Congress, which outlawed pretexting while the FCC order was in the works, properly focused attention not on carriers but on the problem’s source, “the illegal activities of the pretexters themselves,” the wireline group said. “It would be patently unfair to presume that a telecommunications carrier victimized by the perpetrator of a federal crime could have prevented the pretexting by employing different processes and procedures, absent the Commission proving that they were required under the Commission’s rules and reasonably could be achieved,” USTelecom said.
CTIA raised similar objections, saying the order wrongly shifts the burden to carriers to defend their policies.
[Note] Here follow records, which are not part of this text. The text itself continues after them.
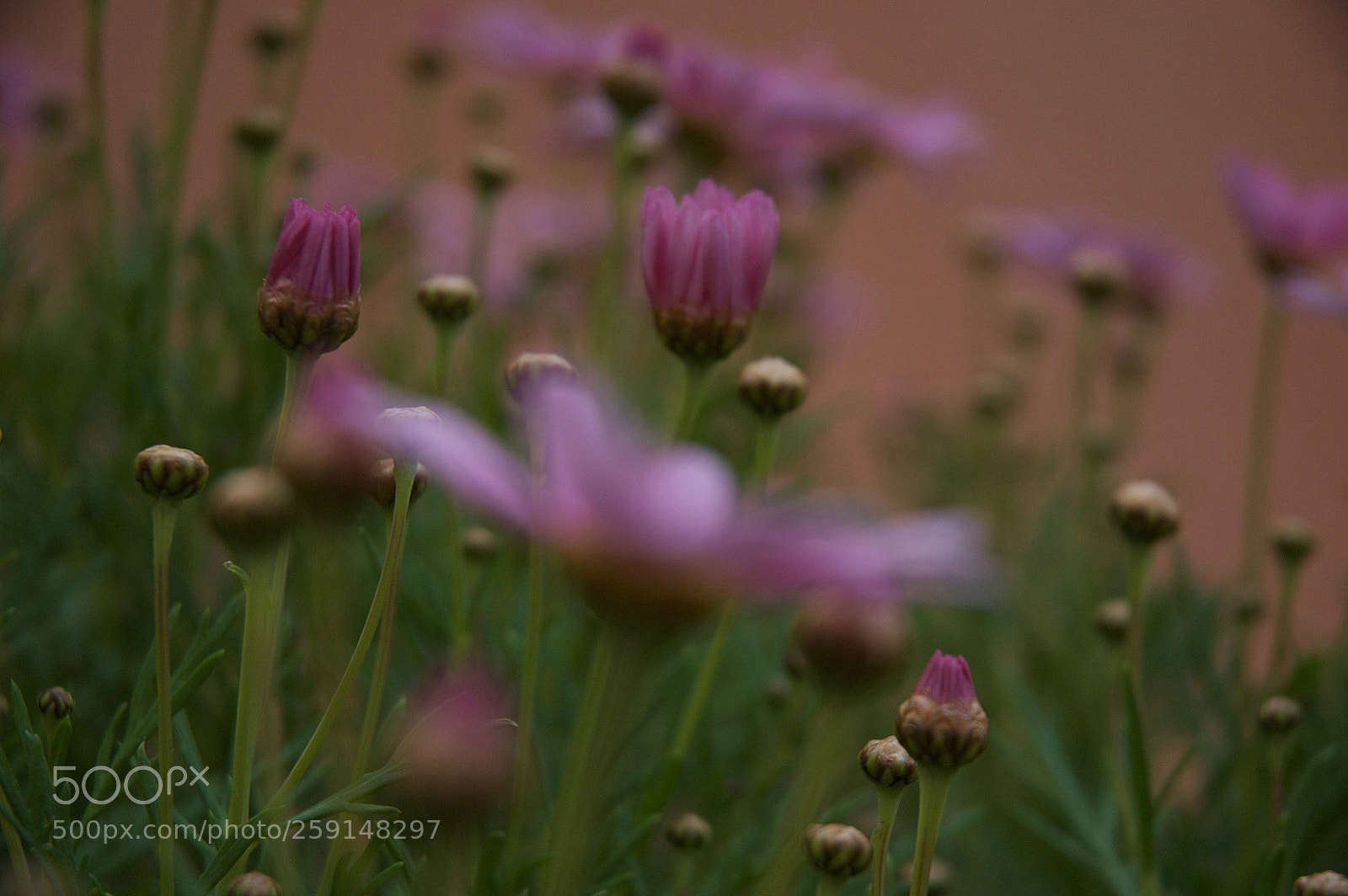 Nikon D70s sample photo. Flowers in the garden photography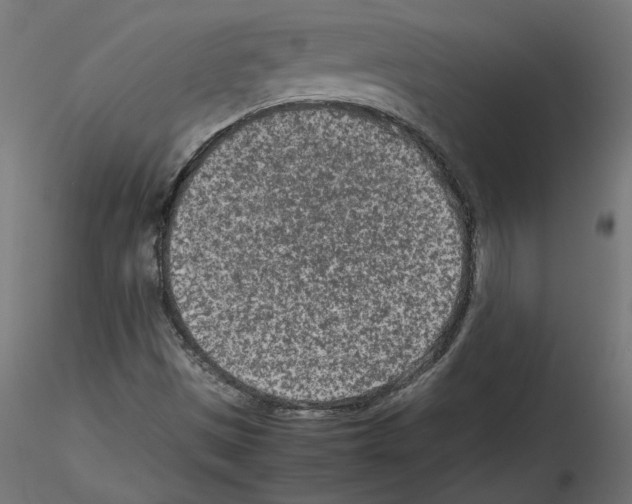 X0000115541497200912181517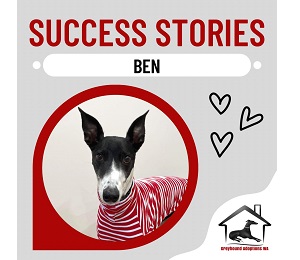 Success Story: Ben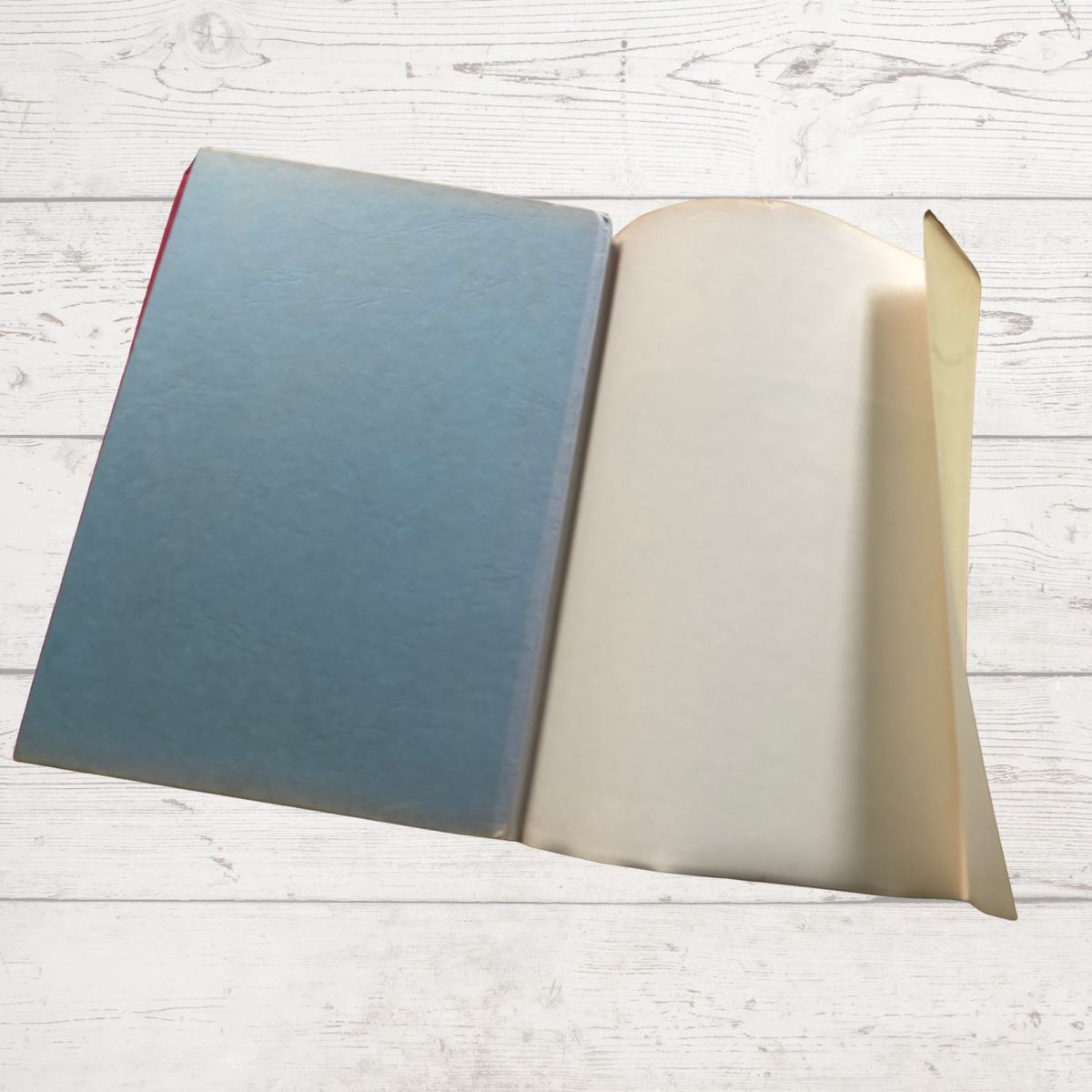 Vintage Diana annual 1976 on a white wood background 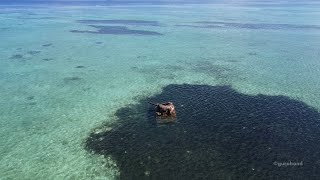 사이판 바다 한 가운데의 셔먼 탱크 / The submerged Sherman tank of Saipan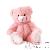 Ours en peluche Ours en peluche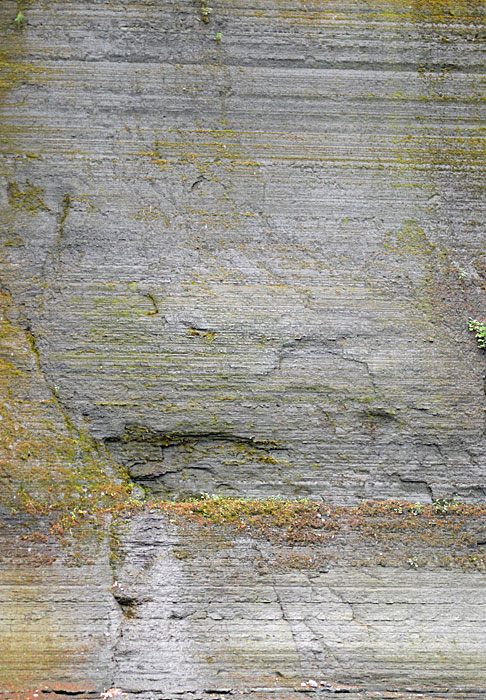 On The Road - Mike in Oly - Texture & Pattern in Nature: Stone 5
CTIA noted that the FCC has long required carriers to protect CPNI, relying on “normal rules in enforcement matters” when a carrier falls short.
“The Commission’s establishment of a presumption that carriers have failed to take ‘reasonable measures’ in all instances of unauthorized access to CPNI would run contrary to applicable legal standards and the Commission’s enforcement regime,” CTIA said, invoking instances in which “…there are other explanations for security breaches that may well not have been reasonably foreseeable (in the case of the increasingly sophisticated scams of data brokers) or preventable (in the case of passwords a customer may have shared with a spouse or other family members).”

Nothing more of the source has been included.